In March then-local government minister Nick Smith flagged a proposal to reform the sector and curb rising rates and council debt.
He wanted to see more super city-style mergers and a return to providing more traditional civic services, instead of funding extra activities, such as events and tourism.
New local government minister David Carter is pushing on with a bill which threatens tourism funding and which has been referred to the local government and environment select committee.
“The amendment intends to refocus the purpose of local government, introduce financial prudence requirements for local authorities, strengthen council governance provisions and streamline council reorganisation procedures,” Mr Carter said at the time.
The amendment raised plenty of concern among opposition parties and local authorities, who worried that it might stifle democracy.
At a Tourism Industry Association summit in Wellington earlier this week, less than an hour of the morning session was devoted to the importance of the domestic tourism market.
Operators are worried about the lack of marketing and the uncertainty of funding for the $8 billion a year industry.
It is not part of Tourism New Zealand’s remit to market domestically. Instead, its focus is on marketing the country internationally.
But former Tourism NZ boss and current chairman of Hawke’s Bay Tourism George Hickton says domestic tourism remains a crucial part of the economy.
“It is still the largest part of the tourism industry."
It is often missed that it is the domestic tourism sector which starts building the tourism product and where people create tourism experiences, he says.
He told NBR ONLINE funding regional tourism operators like Hawke’s Bay Tourism is tough because half the time is often spent “fighting for your existence, fighting to justify your funding”.
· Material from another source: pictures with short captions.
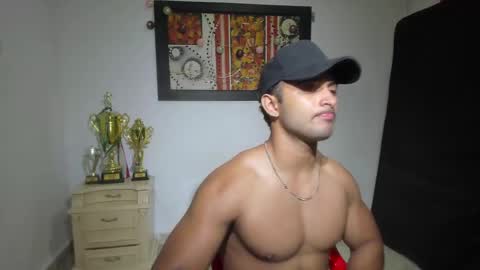 jason_risto online show from 12/08/24, 03:32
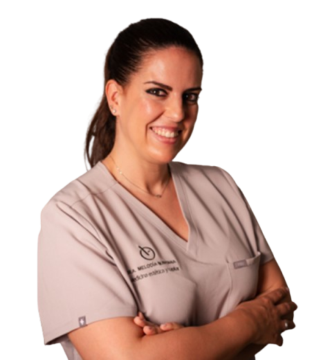tratamientos capilares mujer valencia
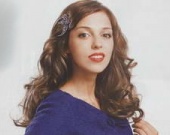 Чем сейчас занимается Нелли Уварова?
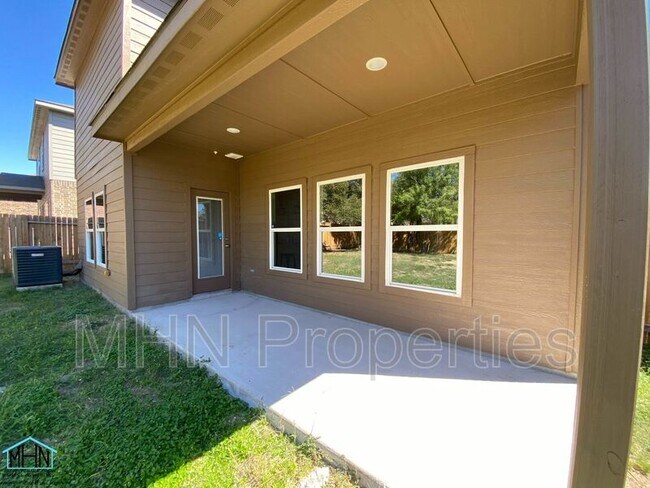 Building Photo - 7913 Cactus Plum Dr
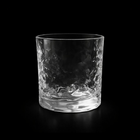 GLASS RCR BICCHIERE 259240 (Pack 6)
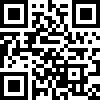 https://fa.abna24.com/xkjNc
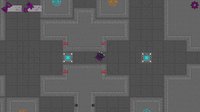 Dolus and the Labyrinth screenshot, image №1266912 - RAWG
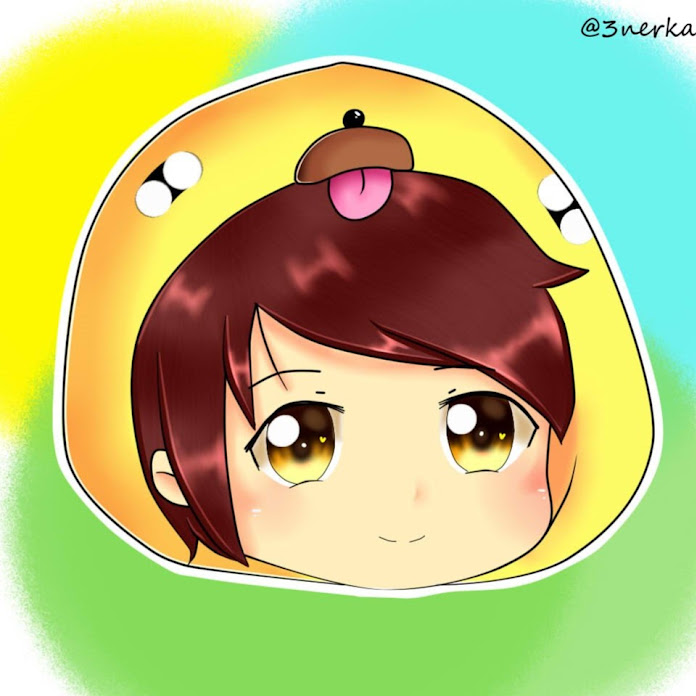 Bebe Adri Net Worth & Earnings (2026)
Southland district mayor Frana Cardno is worried about her council's future ability to fund tourism if the government reforms are adopted.
“I think this is a huge threat to our regional tourism, where we put in a lot of money. We have to help those small operators in the Catlins, on Stewart Island, in Fiordland, and yet we may not be able to do that if this new bill goes through.”
Former AA Tourism ceo Peter Blackwell agrees funding was a challenge and believes the industry should look at a number of options, including whether or not to charge international tourists $25 at the border to help fund domestic tourism.
There is no such charge here, but Australia charges its visitors $55 each.
Chris Adams from Miles Media says $120 million was spent on travel and tourism advertising on television last year – 95% of which was telling New Zealanders to travel overseas.
“So there’s really no significant investment in domestic tourism other than from people such as Positively Wellington. Clearly, we need more activity – we need more co-ordination.”
From what he has seen in markets overseas, co-ordination within the industry is essential.
Nelson-Tasman tourism chief executive Lynda Keene agrees with Mr Hickton that Tourism NZ should not be distracted under current law from its work marketing New Zealand internationally.
However, she says economic domestic wellbeing is just as important as the international economic wellbeing of New Zealand and wants a policy change to enable Tourism NZ to fund domestic marketing.
She believes the best way to increase domestic visitor numbers and marketing is to give the marketing funds directly to regional tourism operators.
Ms Keene says they currently compete "dog-eat-dog style". All they typically need is a minimum investment of $30,000 to achieve huge results.